Requirement:
The answer is to be the lines below that lie between the line holding "Poltina (1/2 Rubel)" and the line holding "Samsung Electro-Mechanics announces", inclusive, transcribed exactly and free of pictures.

Records for this task:
%%
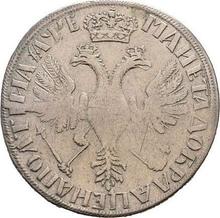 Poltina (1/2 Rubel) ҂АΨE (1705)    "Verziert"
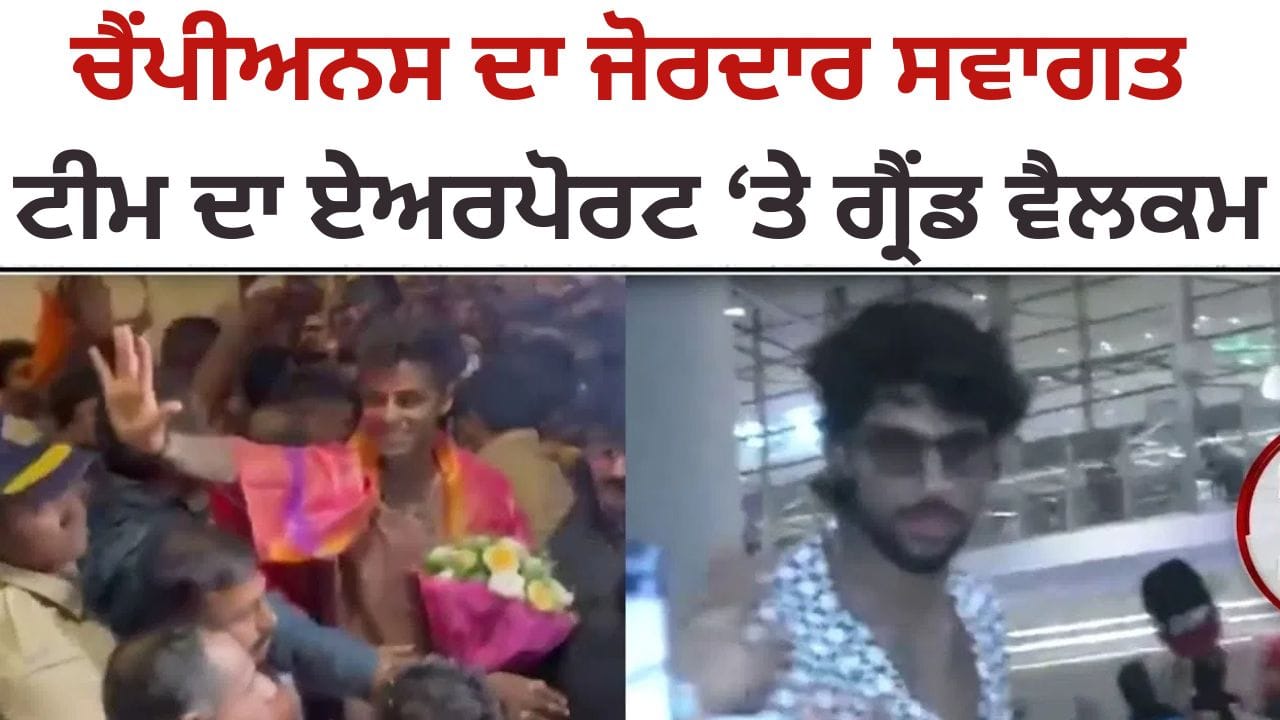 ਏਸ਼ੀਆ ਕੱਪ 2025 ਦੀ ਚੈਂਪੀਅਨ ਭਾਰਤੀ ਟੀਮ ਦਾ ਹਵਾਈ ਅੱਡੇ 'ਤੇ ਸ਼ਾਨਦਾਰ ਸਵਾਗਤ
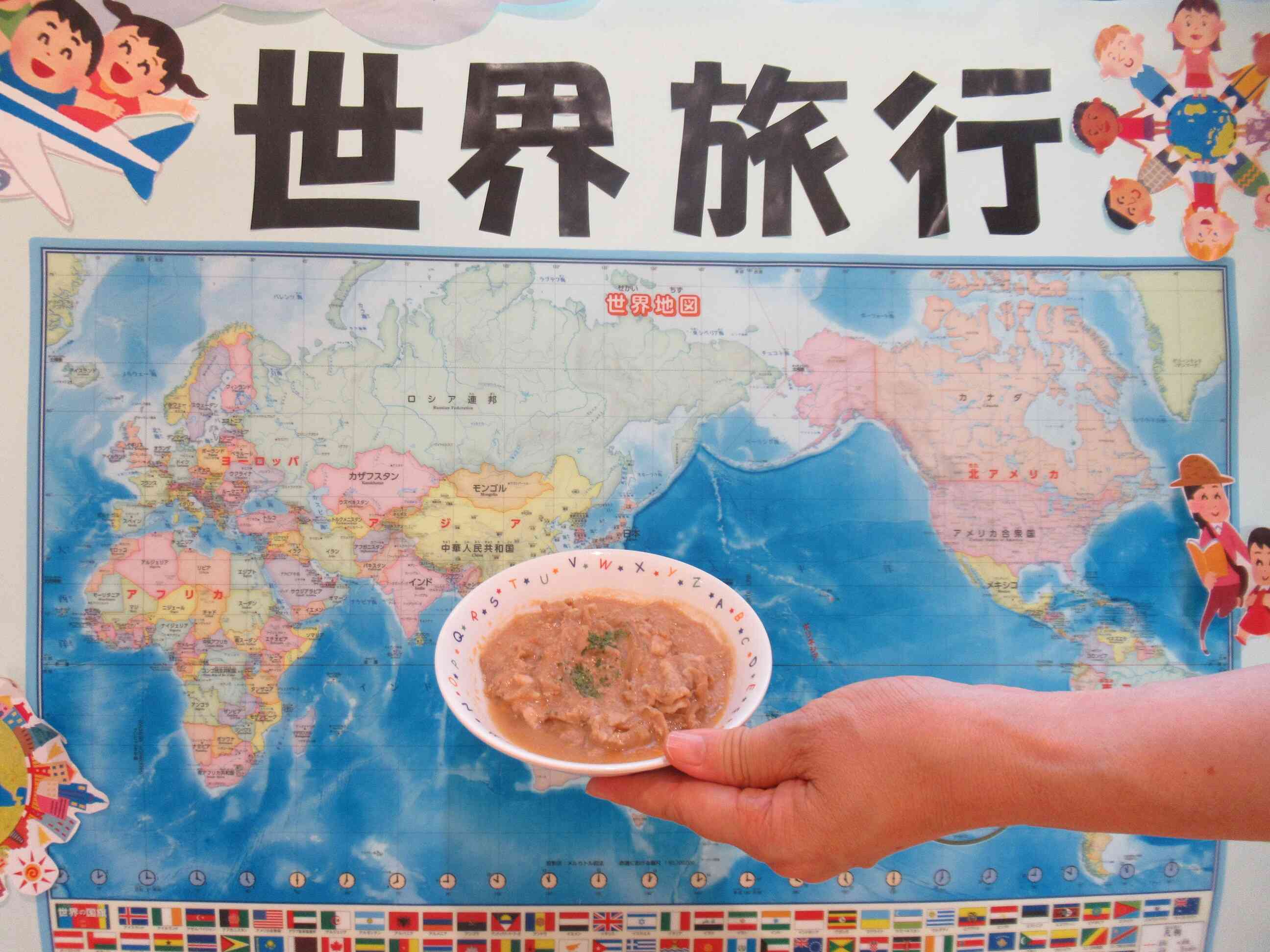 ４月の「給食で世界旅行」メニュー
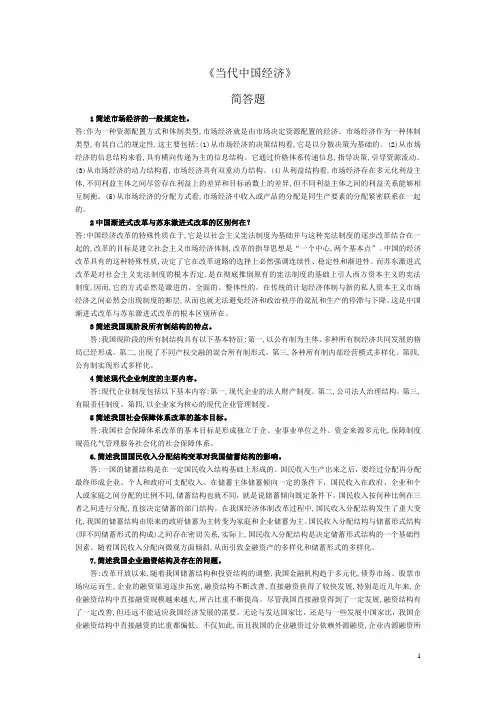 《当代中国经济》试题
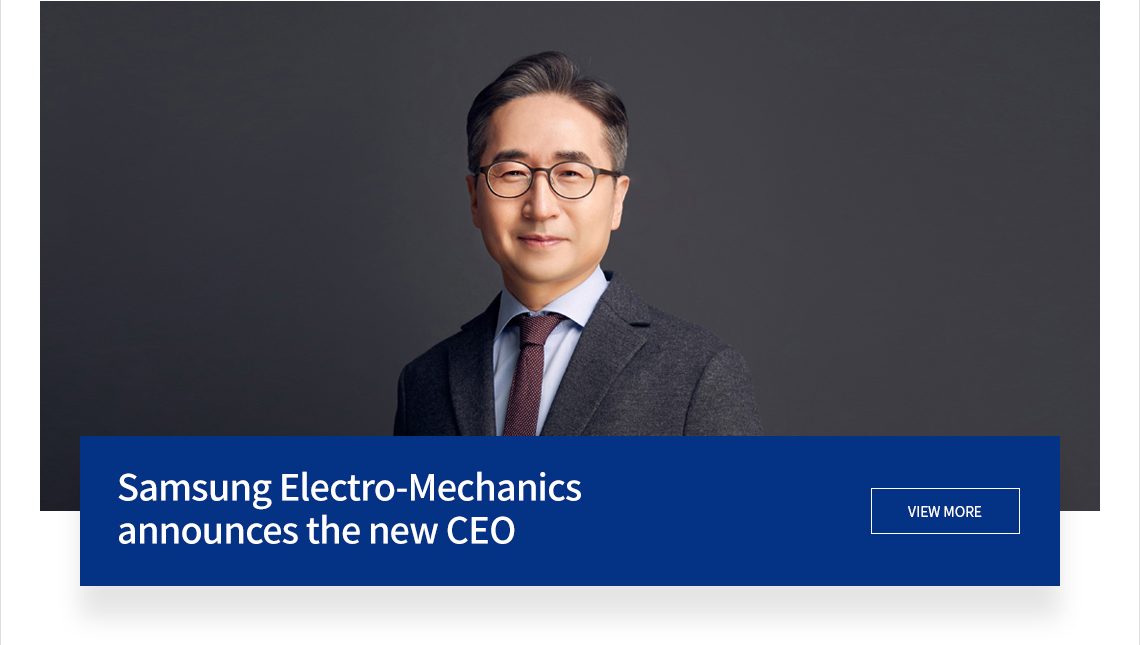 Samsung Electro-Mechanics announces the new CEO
%%
%%
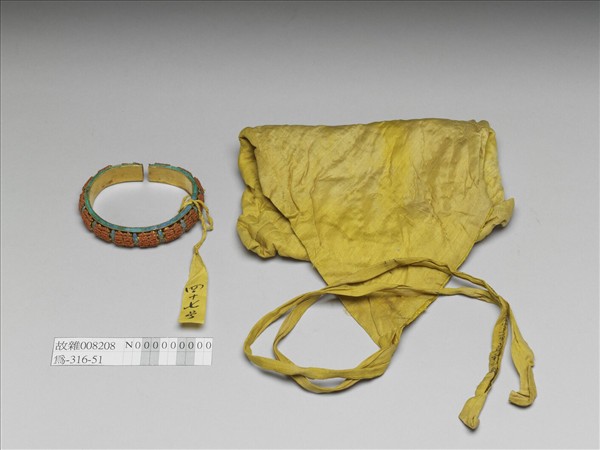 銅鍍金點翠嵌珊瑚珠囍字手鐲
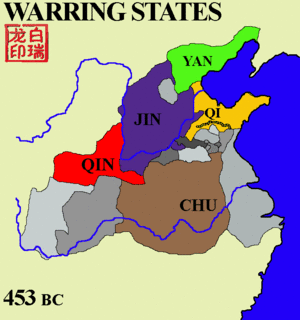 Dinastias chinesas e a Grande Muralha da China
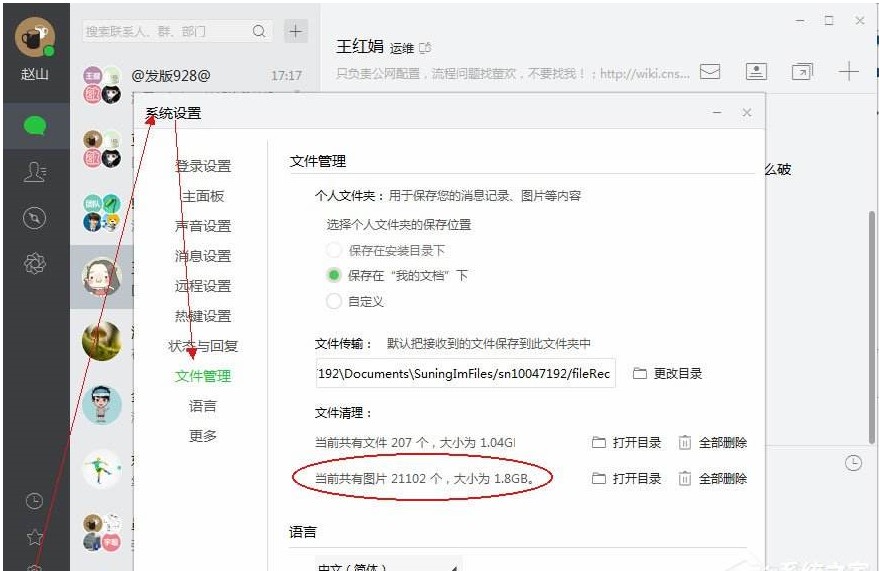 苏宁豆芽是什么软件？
%%
Result for this exercise:
 Poltina (1/2 Rubel) ҂АΨE (1705)    "Verziert"
 ਏਸ਼ੀਆ ਕੱਪ 2025 ਦੀ ਚੈਂਪੀਅਨ ਭਾਰਤੀ ਟੀਮ ਦਾ ਹਵਾਈ ਅੱਡੇ 'ਤੇ ਸ਼ਾਨਦਾਰ ਸਵਾਗਤ
 ４月の「給食で世界旅行」メニュー
 《当代中国经济》试题
 Samsung Electro-Mechanics announces the new CEO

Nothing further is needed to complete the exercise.